When the urge strikes I build retrospective racing sports cars as a hobby. In essence a replica is a near to exact copy of a vehicle that actually was made at some time in the past, while a retrospective is a vehicle representing what might have been made if only someone had got around to it. Both are allowed in classic racing. A few years ago I had a conversation with Neil Doyle. I asked him if he had ever thought of building up another Anglia Corvette, the original one having long since disappeared. He answered that he had looked into it and got a ruling that if he built one for himself it would be regarded as being a rebuild of the old one. But if someone else built one it would not be accepted. MNZ rules, then as now, did not allow replicas of historic saloon cars or the creation of retrospective specials of that sort. Having agreed that was a poor deal, but that at least I got to race mine, we left the conversation at that.
At this years Scope meeting I found just such a machine. Here it is. This car was built with some guidance from Neil but not by him, and is powered by Ford rather than Chevrolet, making it a retrospective rather than a replica. Its builders are having trouble getting acceptance for classic racing and ran at Ruapuna with the muscle car field. The funny thing was that it was not the only replica/retro saloon or GT car on display. A close look around the grids found plenty more happily competing without comment. So why the distinction? The answer may be found in the two mixed threads that make up classic racing. These threads are actually a split between modified road cars and out and out track ones. Thread one (Schedule T&C) relates to road going production cars, while thread two (Schedule K) relates to historic purpose built track racing cars. T&C cars have less scope for performance modifications.

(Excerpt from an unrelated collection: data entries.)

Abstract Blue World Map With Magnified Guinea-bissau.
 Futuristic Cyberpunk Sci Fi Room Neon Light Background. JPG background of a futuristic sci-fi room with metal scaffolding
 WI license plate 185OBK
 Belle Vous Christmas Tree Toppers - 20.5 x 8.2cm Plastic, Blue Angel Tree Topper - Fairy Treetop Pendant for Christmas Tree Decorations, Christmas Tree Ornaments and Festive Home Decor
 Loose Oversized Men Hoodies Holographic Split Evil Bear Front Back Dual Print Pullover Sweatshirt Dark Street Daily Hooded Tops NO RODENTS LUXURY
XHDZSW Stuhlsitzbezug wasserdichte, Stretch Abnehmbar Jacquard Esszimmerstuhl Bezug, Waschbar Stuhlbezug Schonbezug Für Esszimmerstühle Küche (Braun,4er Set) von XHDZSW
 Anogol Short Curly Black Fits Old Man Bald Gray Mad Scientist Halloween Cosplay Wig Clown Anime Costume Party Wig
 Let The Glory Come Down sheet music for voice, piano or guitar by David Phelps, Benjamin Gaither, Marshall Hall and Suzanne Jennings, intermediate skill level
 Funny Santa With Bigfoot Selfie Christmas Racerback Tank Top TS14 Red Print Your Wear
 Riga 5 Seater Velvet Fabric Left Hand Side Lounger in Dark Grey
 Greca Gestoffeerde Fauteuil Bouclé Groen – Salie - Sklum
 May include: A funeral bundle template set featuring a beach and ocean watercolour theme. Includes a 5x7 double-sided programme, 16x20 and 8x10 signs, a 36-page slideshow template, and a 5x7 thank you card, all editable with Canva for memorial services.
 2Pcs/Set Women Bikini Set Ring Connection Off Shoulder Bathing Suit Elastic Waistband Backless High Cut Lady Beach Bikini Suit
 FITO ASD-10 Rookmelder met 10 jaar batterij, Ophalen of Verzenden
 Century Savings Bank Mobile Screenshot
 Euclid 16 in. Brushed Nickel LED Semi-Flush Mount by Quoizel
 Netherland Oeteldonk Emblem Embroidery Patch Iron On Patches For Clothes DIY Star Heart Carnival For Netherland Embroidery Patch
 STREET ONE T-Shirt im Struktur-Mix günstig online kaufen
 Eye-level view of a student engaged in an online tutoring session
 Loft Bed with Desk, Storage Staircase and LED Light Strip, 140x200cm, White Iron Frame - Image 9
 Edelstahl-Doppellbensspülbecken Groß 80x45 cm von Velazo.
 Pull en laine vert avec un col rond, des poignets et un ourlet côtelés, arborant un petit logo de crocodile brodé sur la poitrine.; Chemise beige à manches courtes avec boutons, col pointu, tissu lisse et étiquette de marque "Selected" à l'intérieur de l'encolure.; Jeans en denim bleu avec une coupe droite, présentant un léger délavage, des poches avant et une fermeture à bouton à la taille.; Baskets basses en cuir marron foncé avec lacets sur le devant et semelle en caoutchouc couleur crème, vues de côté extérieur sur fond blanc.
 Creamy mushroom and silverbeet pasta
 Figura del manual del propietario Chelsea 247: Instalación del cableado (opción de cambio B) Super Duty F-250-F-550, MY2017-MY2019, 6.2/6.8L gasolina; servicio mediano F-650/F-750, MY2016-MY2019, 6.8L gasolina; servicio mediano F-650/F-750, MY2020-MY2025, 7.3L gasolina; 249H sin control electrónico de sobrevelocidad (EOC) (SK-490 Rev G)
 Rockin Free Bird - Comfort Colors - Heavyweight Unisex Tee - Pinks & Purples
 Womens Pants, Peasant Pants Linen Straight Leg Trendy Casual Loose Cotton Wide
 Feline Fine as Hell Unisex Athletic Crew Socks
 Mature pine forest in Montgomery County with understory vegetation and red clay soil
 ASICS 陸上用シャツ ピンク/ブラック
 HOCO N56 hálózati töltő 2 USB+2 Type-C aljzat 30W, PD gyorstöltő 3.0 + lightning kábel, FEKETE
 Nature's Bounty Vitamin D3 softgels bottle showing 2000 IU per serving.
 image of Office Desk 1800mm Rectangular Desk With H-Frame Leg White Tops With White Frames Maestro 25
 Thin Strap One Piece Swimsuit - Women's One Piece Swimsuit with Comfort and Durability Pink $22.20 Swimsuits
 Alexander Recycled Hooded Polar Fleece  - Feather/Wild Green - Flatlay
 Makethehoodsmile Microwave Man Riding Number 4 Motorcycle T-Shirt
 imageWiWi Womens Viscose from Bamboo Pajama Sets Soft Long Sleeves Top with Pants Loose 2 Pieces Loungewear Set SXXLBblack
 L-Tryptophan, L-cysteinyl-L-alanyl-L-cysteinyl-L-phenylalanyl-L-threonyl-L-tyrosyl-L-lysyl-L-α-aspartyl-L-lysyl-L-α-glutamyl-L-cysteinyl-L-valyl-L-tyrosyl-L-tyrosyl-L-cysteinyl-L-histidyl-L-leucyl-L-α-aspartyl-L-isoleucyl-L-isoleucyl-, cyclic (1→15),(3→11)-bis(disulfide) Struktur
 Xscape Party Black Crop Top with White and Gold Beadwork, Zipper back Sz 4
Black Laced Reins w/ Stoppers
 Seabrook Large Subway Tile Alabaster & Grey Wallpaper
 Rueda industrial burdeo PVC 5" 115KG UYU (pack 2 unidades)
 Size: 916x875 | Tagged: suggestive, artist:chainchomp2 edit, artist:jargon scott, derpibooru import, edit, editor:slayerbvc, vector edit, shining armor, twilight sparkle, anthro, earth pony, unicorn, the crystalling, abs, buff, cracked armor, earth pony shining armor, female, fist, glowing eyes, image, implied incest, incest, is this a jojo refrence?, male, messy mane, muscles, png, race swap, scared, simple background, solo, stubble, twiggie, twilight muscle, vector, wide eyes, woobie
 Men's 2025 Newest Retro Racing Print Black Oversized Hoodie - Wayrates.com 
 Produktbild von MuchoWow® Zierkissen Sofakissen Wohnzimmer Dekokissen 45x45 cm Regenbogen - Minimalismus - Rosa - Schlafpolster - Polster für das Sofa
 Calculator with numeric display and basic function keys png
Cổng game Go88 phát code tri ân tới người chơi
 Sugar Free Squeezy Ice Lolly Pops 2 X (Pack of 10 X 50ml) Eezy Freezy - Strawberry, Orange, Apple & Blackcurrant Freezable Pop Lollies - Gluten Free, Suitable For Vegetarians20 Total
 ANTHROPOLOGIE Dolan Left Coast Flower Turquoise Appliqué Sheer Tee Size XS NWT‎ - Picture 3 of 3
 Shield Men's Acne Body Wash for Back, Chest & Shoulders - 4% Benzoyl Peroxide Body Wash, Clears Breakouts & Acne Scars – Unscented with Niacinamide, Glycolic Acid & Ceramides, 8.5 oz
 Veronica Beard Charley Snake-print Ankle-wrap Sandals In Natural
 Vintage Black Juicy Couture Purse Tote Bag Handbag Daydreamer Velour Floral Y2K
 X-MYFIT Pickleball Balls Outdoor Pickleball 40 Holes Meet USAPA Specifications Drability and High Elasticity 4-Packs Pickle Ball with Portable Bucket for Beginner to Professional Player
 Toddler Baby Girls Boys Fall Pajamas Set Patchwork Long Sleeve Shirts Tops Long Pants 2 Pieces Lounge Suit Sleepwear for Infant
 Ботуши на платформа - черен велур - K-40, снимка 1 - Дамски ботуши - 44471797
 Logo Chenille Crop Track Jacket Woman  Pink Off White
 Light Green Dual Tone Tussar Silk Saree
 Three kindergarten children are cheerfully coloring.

The out and out racers don’t mind sharing the grid with replicas or retros, and in fact their grids would be sparse without them. T&C owners don’t have that necessity. If you want a car just like theirs then you can go out and buy one, after all there are plenty of them out there. There are obvious cross-overs between the two threads. For instance Shellsport cars begin life as production based T&C cars, but the scope of their race class allowed modifications quickly take them out of schedule T&C. So what would happen if I turned up with a freshly minted Shellsport Revival car, in a proper period body shell with proper period running gear? My guess is that no-one would bat an eyelid. Such a car would, strictly speaking, be a replica. Shellsports fall within the purpose built race car definition (period category S of Schedule K) but they are patently not single seaters or sports racing cars. But if I did the same for say, a replica Zephyr Corvette, then my bet is that eyebrows would be raised all over the place, even though it would fall within the same Schedule K period category as the Shellsport car. A retrospective/replica OSCA or Allcomers car would be even more fun, it needn’t replicate anything! And maybe that’s the problem. But why should an OSCA or an Allcomers be regarded as any less of a New Zealand special than say the Stanton Corvette? Time perhaps to talk about it! If we accept a line drawn between cars originally built specifically for the track, and cars built for the road, then we could lump historic racing saloons in with the historic single seaters and sports cars. We could also note that while MNZ Manual Schedule CR covers the design and construction of replicas and retros, it is not actually limited, in itself, to just single seaters or racing sports cars. (It uses the generic term “vehicle” throughout). Should we step along that path then regularizing what is already happening could be simply done by adding another line covering schedule K period category S cars to Appendix 6 of the MNZ Manual (the bit that deals with COD’s). Should we push down that road? What do you think?